◆ Work request ◆
Would you set down the whole listing again exactly as it appears?

◆ Supplied information ◆

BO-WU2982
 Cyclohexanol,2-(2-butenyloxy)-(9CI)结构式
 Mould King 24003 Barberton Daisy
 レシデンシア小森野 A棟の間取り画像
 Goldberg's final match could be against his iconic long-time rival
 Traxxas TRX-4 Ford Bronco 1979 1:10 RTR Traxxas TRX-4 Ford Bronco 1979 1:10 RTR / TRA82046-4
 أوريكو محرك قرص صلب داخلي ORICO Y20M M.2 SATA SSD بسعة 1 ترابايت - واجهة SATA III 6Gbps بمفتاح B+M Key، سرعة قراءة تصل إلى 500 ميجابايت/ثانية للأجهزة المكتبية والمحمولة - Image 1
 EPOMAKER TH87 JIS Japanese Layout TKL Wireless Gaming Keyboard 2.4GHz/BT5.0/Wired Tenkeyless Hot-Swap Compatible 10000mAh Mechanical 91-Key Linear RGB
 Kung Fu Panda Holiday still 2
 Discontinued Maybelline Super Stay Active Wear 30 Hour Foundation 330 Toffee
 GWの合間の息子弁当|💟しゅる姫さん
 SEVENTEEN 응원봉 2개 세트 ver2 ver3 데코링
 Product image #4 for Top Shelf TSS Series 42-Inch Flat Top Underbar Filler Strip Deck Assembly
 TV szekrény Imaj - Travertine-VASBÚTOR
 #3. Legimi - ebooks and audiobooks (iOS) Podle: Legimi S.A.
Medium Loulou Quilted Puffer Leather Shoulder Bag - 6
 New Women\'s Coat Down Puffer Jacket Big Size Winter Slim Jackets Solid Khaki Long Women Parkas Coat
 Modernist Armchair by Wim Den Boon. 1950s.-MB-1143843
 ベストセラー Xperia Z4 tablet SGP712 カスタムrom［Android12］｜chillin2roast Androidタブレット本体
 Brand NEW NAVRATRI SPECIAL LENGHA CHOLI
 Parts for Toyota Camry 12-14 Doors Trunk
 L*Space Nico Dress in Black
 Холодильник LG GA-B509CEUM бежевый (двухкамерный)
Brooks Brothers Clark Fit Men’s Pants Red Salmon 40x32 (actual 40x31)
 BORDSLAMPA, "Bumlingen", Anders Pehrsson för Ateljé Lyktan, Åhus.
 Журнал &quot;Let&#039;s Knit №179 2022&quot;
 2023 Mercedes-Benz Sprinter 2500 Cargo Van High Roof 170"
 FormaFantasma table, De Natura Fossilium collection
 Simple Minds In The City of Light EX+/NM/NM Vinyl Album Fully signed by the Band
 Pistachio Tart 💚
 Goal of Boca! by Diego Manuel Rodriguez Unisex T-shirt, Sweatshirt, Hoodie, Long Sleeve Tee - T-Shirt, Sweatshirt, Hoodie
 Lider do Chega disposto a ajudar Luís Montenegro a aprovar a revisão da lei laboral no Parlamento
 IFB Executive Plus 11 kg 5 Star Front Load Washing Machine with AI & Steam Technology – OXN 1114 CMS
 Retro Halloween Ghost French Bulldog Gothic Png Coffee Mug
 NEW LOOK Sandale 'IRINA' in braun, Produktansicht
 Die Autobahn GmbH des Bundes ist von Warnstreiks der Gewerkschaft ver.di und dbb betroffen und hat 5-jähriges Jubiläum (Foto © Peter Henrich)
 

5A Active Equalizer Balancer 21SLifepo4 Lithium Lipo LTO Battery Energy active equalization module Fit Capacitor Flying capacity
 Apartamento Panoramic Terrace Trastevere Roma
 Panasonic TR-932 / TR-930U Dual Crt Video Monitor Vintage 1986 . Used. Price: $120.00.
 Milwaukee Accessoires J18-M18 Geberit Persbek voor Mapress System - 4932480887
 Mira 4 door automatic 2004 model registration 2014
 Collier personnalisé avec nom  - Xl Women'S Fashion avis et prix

◆ Finished task ◆
BO-WU2982
 Cyclohexanol,2-(2-butenyloxy)-(9CI)结构式
 Mould King 24003 Barberton Daisy
 レシデンシア小森野 A棟の間取り画像
 Goldberg's final match could be against his iconic long-time rival
 Traxxas TRX-4 Ford Bronco 1979 1:10 RTR Traxxas TRX-4 Ford Bronco 1979 1:10 RTR / TRA82046-4
 أوريكو محرك قرص صلب داخلي ORICO Y20M M.2 SATA SSD بسعة 1 ترابايت - واجهة SATA III 6Gbps بمفتاح B+M Key، سرعة قراءة تصل إلى 500 ميجابايت/ثانية للأجهزة المكتبية والمحمولة - Image 1
 EPOMAKER TH87 JIS Japanese Layout TKL Wireless Gaming Keyboard 2.4GHz/BT5.0/Wired Tenkeyless Hot-Swap Compatible 10000mAh Mechanical 91-Key Linear RGB
 Kung Fu Panda Holiday still 2
 Discontinued Maybelline Super Stay Active Wear 30 Hour Foundation 330 Toffee
 GWの合間の息子弁当|💟しゅる姫さん
 SEVENTEEN 응원봉 2개 세트 ver2 ver3 데코링
 Product image #4 for Top Shelf TSS Series 42-Inch Flat Top Underbar Filler Strip Deck Assembly
 TV szekrény Imaj - Travertine-VASBÚTOR
 #3. Legimi - ebooks and audiobooks (iOS) Podle: Legimi S.A.
Medium Loulou Quilted Puffer Leather Shoulder Bag - 6
 New Women\'s Coat Down Puffer Jacket Big Size Winter Slim Jackets Solid Khaki Long Women Parkas Coat
 Modernist Armchair by Wim Den Boon. 1950s.-MB-1143843
 ベストセラー Xperia Z4 tablet SGP712 カスタムrom［Android12］｜chillin2roast Androidタブレット本体
 Brand NEW NAVRATRI SPECIAL LENGHA CHOLI
 Parts for Toyota Camry 12-14 Doors Trunk
 L*Space Nico Dress in Black
 Холодильник LG GA-B509CEUM бежевый (двухкамерный)
Brooks Brothers Clark Fit Men’s Pants Red Salmon 40x32 (actual 40x31)
 BORDSLAMPA, "Bumlingen", Anders Pehrsson för Ateljé Lyktan, Åhus.
 Журнал &quot;Let&#039;s Knit №179 2022&quot;
 2023 Mercedes-Benz Sprinter 2500 Cargo Van High Roof 170"
 FormaFantasma table, De Natura Fossilium collection
 Simple Minds In The City of Light EX+/NM/NM Vinyl Album Fully signed by the Band
 Pistachio Tart 💚
 Goal of Boca! by Diego Manuel Rodriguez Unisex T-shirt, Sweatshirt, Hoodie, Long Sleeve Tee - T-Shirt, Sweatshirt, Hoodie
 Lider do Chega disposto a ajudar Luís Montenegro a aprovar a revisão da lei laboral no Parlamento
 IFB Executive Plus 11 kg 5 Star Front Load Washing Machine with AI & Steam Technology – OXN 1114 CMS
 Retro Halloween Ghost French Bulldog Gothic Png Coffee Mug
 NEW LOOK Sandale 'IRINA' in braun, Produktansicht
 Die Autobahn GmbH des Bundes ist von Warnstreiks der Gewerkschaft ver.di und dbb betroffen und hat 5-jähriges Jubiläum (Foto © Peter Henrich)
 

5A Active Equalizer Balancer 21SLifepo4 Lithium Lipo LTO Battery Energy active equalization module Fit Capacitor Flying capacity
 Apartamento Panoramic Terrace Trastevere Roma
 Panasonic TR-932 / TR-930U Dual Crt Video Monitor Vintage 1986 . Used. Price: $120.00.
 Milwaukee Accessoires J18-M18 Geberit Persbek voor Mapress System - 4932480887
 Mira 4 door automatic 2004 model registration 2014
 Collier personnalisé avec nom  - Xl Women'S Fashion avis et prix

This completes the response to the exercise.